Q. What else would you like to say to organic producers and consumers?

I love feedback! I can't do my job unless I hear from producers and consumers about what they need and think. Is one of the graphics or resources useful, or would it be if …  I'm really interested in trying to do more marketing of the organic brand, and I need a lot of support from the community to do it.

Q. Can you describe how you practice "regenerative agriculture" at your home in Belfast?

Our home farm, Dynamic Farm, is the brainchild of my husband (Tyler – a multiply certified permaculture designer). I'm mostly just manual labor and bookkeeping! But we built several substantial hugelkultur beds this year and planted them with diverse perennials – we are experimenting with a variety of models and ideas. Tyler is very interested in nut crops, interplanting and interesting combinations of symbiotic plants – such as medicinal cannabis, garlic and bell beans. We also were designated a leaf dump spot for the town of Belfast and have since received hundreds of yards of compost and leaf matter. Readers can follow us on Instagram or Facebook, which Tyler uses as a journal for his ideas and experiments. 

Q. You are one of five MOFGA employees with a baby. How is that going? Has having a baby affected your view of organic agriculture?

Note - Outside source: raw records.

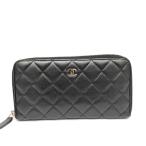 Dz804062 シャネル 長財布 ラムスキン  クラシック ロング ジップ ウォレット マトラッセ A50097  レディース CHANEL 中古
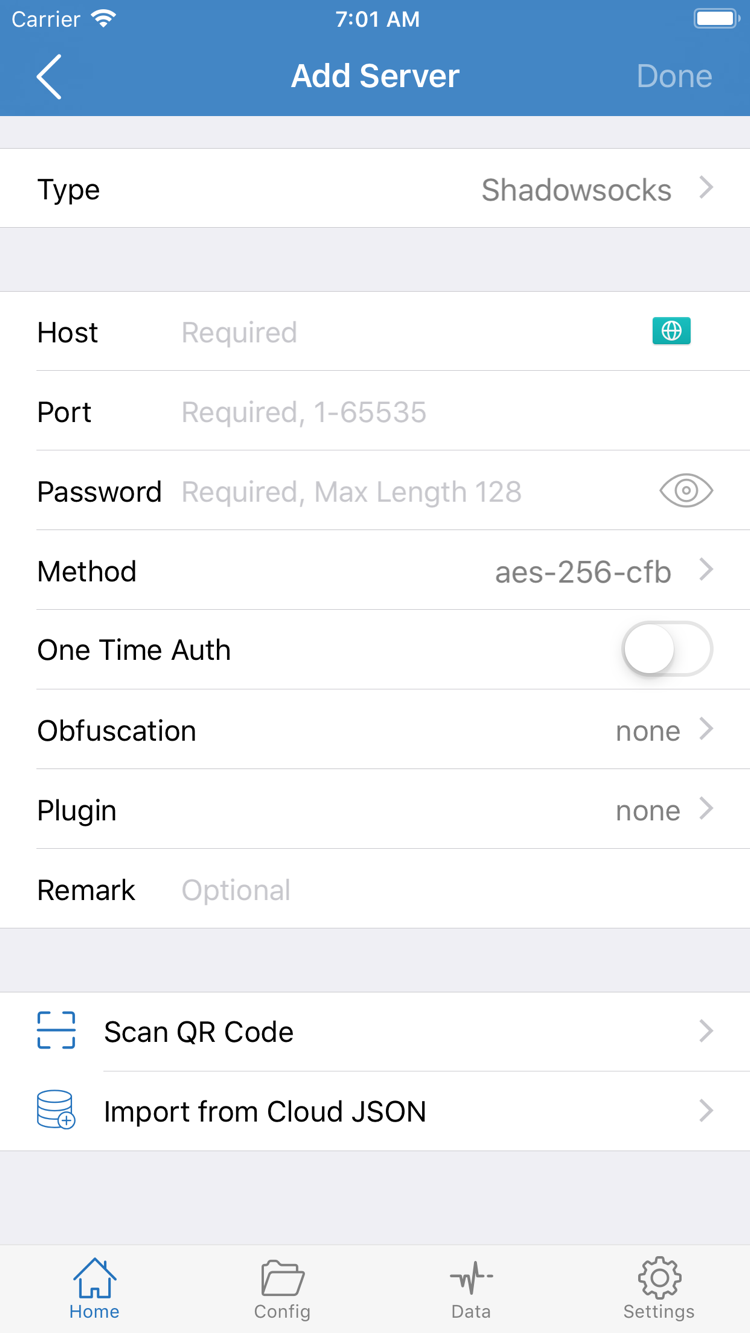 Official Shadowrocket Add Server page showing Type, Host, Port, Password, Method, and the Scan QR Code option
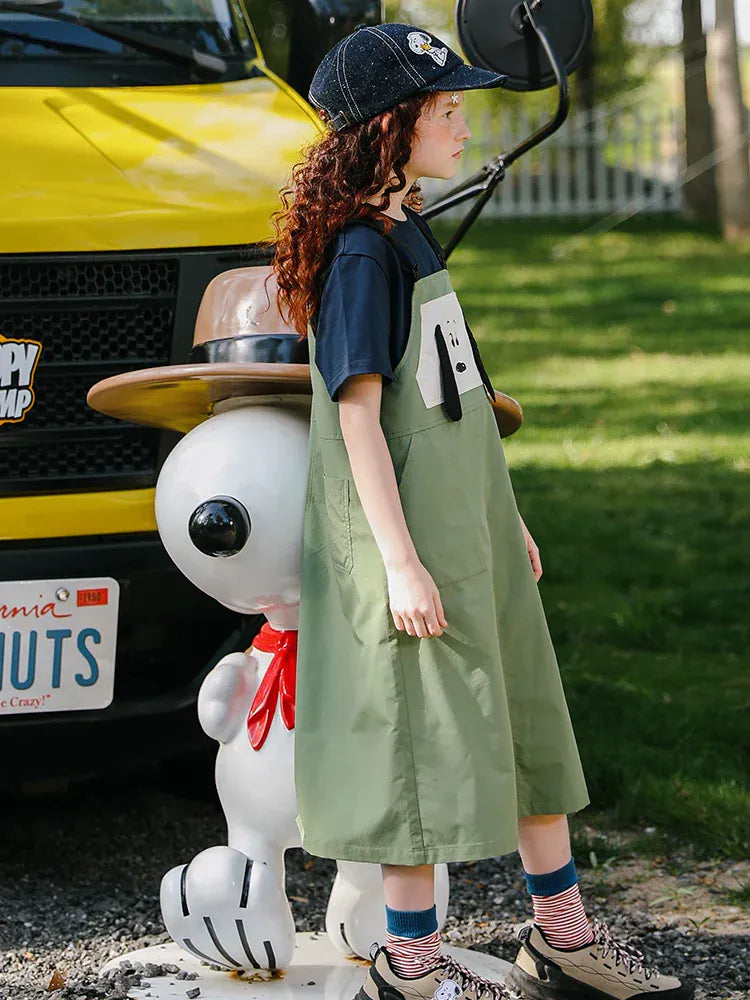 ノースリーブワンピース TYAKASHA KIDS x PEANUTS サスペンダーオーバーオールスカート【mh0010077】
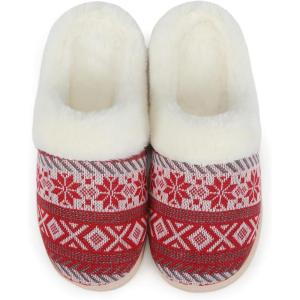 imageNineCiFun Womens Warm House Slippers Memory Foam House Fuzzy Cute Christmas Slippers Ladies Bedroom Slippers Gift For WomenWine Red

Our son, Atom, has, of course, completely changed our lives for the better. MOFGA is an incredibly baby-friendly workplace and community, which is exceptional, and the flexible schedule has meant I have been able to stay a productive and valued employee while also getting to be with my son a lot more than my parents were able to be with me. This is so, so important to our family.

Atom has strengthened my commitment to organic agriculture, as having a baby does for many parents. When you watch those sweet, tiny hands bring food to his mouth and hear the happy noises he makes when eats … it is difficult for me to escape the reality that I can be sure only organic and local food is free from synthetic chemical pesticides and fertilizers. Otherwise, that is all I can see and think about. All parents want to give the best of everything to their children, and for us, local and organic is it.